Unpredictable weather also creates new dynamics for us and our interconnected web of suppliers to produce one jar of our sauce. As temperatures rose in California this spring, last winter’s snowpack quickly became torrents of water. The deluge affected tomato growers who had to put their crops in the ground three to four weeks later than normal. With monthly, even weekly, conversations between our tomato suppliers and purchasing team, we’re closely watching how the season is unfolding via the predicted yields per acre and caliber of produce. We then update our customers.

Diversify to mitigate issues

When the manufacturer-supplier relationship runs aground, the root cause is typically with one of the legs on our supplier stool. If, for example, the Brix measurement on a sucrose delivery is less than what we need for a recipe, especially if we’re working with a just-in-time process, a quality issue like that can halt one of our lines. That triggers added costs. A way to mitigate challenges is for manufacturers to sort their suppliers into categories like partners, strategic suppliers, and transactional vendors. As a manufacturer develops its relationships, managers can determine when suppliers move up or down the hierarchy based on their fit and function.  
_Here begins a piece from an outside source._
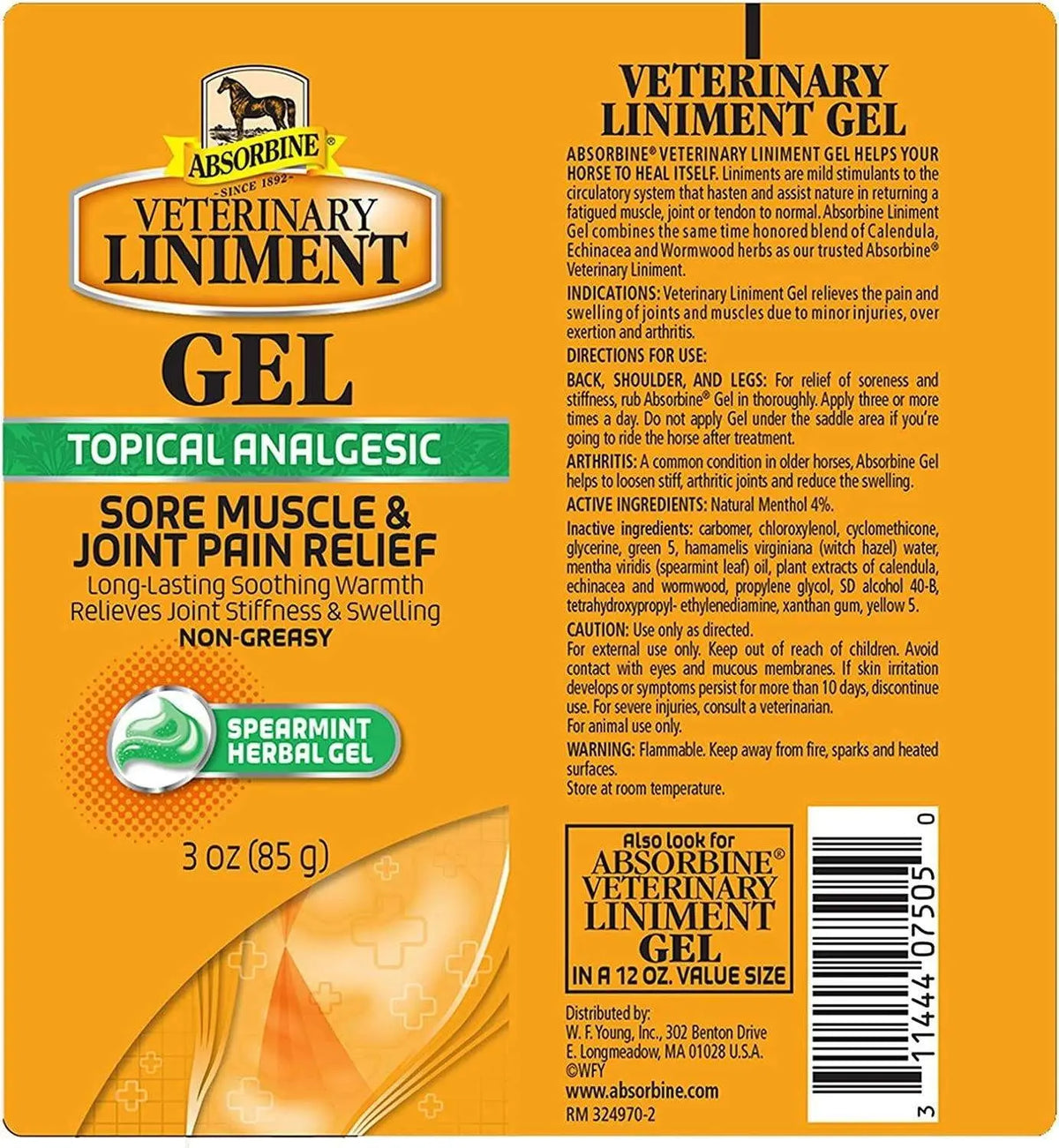 Liniment Absorbine Veterinary Liniment Gel – Horseuae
Take tomatoes and onions for example. A manufacturer could have a couple of key strategic partners that handle planting, growing, harvesting, storing, packaging, and shipping (i.e., the whole spectrum) along with some transactional suppliers that help with the ebb and flow created by, say, consumer demand, weather, or the economy. Some of the transactional partners will have the chance to prove themselves and step into a strategic relationship where a manufacturer can evaluate them. Ultimately, a supplier becomes strategic because they add value (e.g., offering various pack sizes to create efficiencies). For some strategic suppliers, adding value could be offering transparent pricing or elasticity with contracts. Let’s say my company didn’t need as much volume in a particular contract period. A strategic supplier might look at that situation and adjust or amend our contract, so it’s not punitive for us when we can’t buy as much as we initially signed up for. If the relationship is built on trust, then we’ll remember those favorable terms, the supplier’s flexibility, and make up ground later. 
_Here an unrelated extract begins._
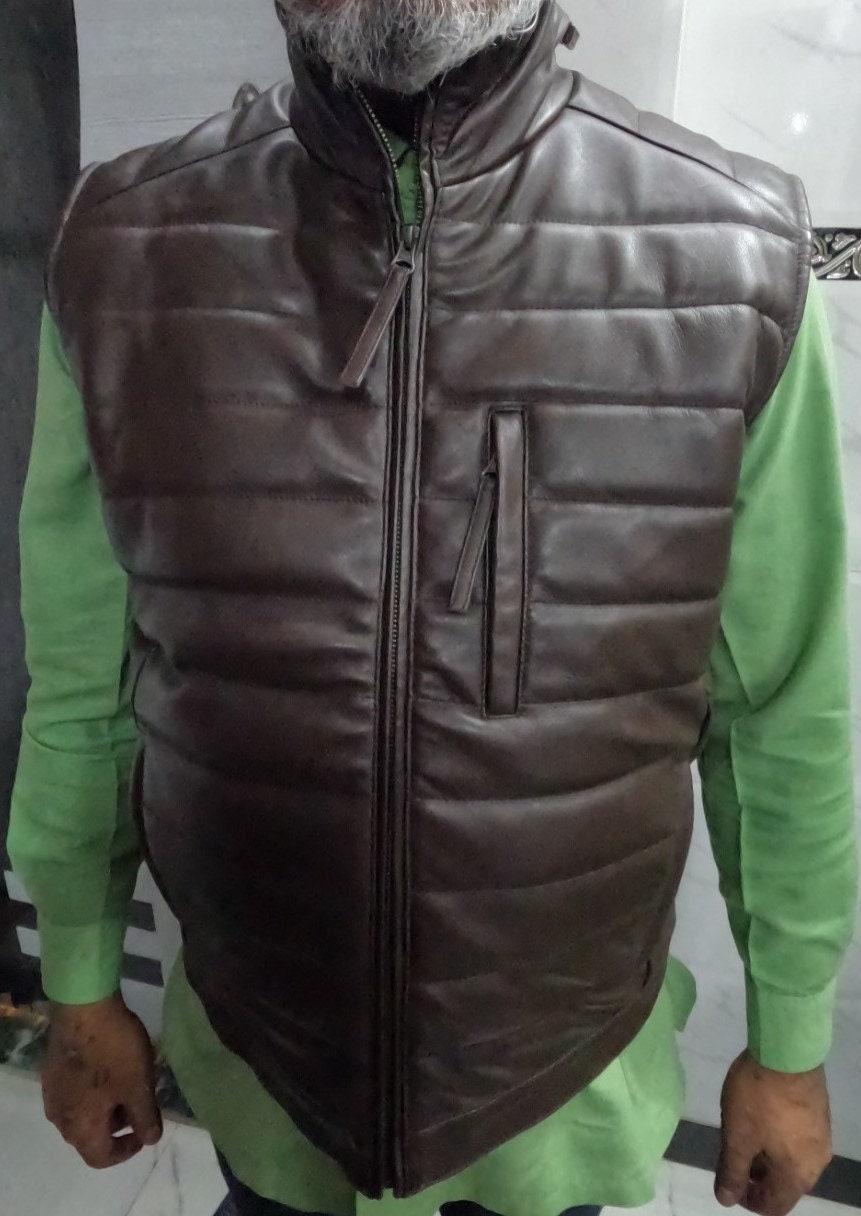 Leather Puffer Vest - Etsy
When you invite a supplier to understand your business and they accept that invitation, they begin to see the greater context for what’s needed and why. Suppliers like this can then recommend products or services to augment what you’ve already purchased. They can see where the future of your business is going and help you get there — it’s a route to solving problems and achieving better quality. 

Matthew Colmerauer is Director of Procurement and Logistics for LiDestri Foods, a leading private label and contract manufacturer of food and beverages. Colmerauer earned his master’s degree in global operations management from Clarkson University.